BEGIN Material shown

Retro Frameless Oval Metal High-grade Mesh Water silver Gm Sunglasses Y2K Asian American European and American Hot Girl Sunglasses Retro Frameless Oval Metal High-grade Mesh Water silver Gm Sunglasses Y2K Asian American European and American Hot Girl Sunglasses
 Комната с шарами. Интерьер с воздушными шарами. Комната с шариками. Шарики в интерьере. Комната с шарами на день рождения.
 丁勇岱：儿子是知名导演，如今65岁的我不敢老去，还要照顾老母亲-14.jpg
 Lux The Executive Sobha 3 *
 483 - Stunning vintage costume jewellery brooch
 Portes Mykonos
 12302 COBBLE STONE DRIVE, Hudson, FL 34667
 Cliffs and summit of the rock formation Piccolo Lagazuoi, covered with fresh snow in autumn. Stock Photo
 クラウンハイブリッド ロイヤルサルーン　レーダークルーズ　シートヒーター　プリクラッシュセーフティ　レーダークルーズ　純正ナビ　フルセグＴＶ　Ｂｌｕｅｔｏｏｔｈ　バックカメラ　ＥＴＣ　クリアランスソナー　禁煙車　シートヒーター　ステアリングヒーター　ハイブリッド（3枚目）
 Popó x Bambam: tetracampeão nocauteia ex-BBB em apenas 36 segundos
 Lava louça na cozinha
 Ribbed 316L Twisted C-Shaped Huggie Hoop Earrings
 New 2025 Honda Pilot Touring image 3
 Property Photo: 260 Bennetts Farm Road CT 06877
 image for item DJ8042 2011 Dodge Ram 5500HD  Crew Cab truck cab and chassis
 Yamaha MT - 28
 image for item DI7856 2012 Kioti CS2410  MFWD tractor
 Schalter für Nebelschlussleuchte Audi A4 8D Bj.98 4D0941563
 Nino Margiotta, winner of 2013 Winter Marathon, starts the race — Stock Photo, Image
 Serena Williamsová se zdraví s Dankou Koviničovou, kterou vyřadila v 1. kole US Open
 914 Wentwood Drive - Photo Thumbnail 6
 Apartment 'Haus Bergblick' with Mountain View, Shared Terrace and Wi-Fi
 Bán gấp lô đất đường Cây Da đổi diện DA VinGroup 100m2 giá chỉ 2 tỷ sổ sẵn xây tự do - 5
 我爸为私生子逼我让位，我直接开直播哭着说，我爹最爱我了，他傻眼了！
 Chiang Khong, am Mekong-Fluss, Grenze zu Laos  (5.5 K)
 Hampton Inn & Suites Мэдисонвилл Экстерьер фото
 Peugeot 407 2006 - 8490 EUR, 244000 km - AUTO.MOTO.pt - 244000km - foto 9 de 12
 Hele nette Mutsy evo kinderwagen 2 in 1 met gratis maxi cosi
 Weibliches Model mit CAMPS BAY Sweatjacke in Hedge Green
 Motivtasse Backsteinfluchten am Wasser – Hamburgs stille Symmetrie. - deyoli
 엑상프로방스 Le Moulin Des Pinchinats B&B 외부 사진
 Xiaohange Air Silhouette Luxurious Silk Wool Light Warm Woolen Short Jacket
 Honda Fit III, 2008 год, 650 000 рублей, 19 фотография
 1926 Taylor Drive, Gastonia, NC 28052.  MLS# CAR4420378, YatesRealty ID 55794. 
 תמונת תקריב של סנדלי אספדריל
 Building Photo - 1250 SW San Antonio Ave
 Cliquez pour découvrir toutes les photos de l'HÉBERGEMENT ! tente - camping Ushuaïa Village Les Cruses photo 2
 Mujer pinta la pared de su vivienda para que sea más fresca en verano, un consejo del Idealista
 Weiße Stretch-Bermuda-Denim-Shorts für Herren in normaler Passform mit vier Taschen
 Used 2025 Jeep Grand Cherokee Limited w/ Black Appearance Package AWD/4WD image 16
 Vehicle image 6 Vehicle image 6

END Material shown

From the first line of the data above through the line containing "Hampton Inn &", set each line down again exactly; include both ends and omit everything else.

Retro Frameless Oval Metal High-grade Mesh Water silver Gm Sunglasses Y2K Asian American European and American Hot Girl Sunglasses Retro Frameless Oval Metal High-grade Mesh Water silver Gm Sunglasses Y2K Asian American European and American Hot Girl Sunglasses
 Комната с шарами. Интерьер с воздушными шарами. Комната с шариками. Шарики в интерьере. Комната с шарами на день рождения.
 丁勇岱：儿子是知名导演，如今65岁的我不敢老去，还要照顾老母亲-14.jpg
 Lux The Executive Sobha 3 *
 483 - Stunning vintage costume jewellery brooch
 Portes Mykonos
 12302 COBBLE STONE DRIVE, Hudson, FL 34667
 Cliffs and summit of the rock formation Piccolo Lagazuoi, covered with fresh snow in autumn. Stock Photo
 クラウンハイブリッド ロイヤルサルーン　レーダークルーズ　シートヒーター　プリクラッシュセーフティ　レーダークルーズ　純正ナビ　フルセグＴＶ　Ｂｌｕｅｔｏｏｔｈ　バックカメラ　ＥＴＣ　クリアランスソナー　禁煙車　シートヒーター　ステアリングヒーター　ハイブリッド（3枚目）
 Popó x Bambam: tetracampeão nocauteia ex-BBB em apenas 36 segundos
 Lava louça na cozinha
 Ribbed 316L Twisted C-Shaped Huggie Hoop Earrings
 New 2025 Honda Pilot Touring image 3
 Property Photo: 260 Bennetts Farm Road CT 06877
 image for item DJ8042 2011 Dodge Ram 5500HD  Crew Cab truck cab and chassis
 Yamaha MT - 28
 image for item DI7856 2012 Kioti CS2410  MFWD tractor
 Schalter für Nebelschlussleuchte Audi A4 8D Bj.98 4D0941563
 Nino Margiotta, winner of 2013 Winter Marathon, starts the race — Stock Photo, Image
 Serena Williamsová se zdraví s Dankou Koviničovou, kterou vyřadila v 1. kole US Open
 914 Wentwood Drive - Photo Thumbnail 6
 Apartment 'Haus Bergblick' with Mountain View, Shared Terrace and Wi-Fi
 Bán gấp lô đất đường Cây Da đổi diện DA VinGroup 100m2 giá chỉ 2 tỷ sổ sẵn xây tự do - 5
 我爸为私生子逼我让位，我直接开直播哭着说，我爹最爱我了，他傻眼了！
 Chiang Khong, am Mekong-Fluss, Grenze zu Laos  (5.5 K)
 Hampton Inn & Suites Мэдисонвилл Экстерьер фото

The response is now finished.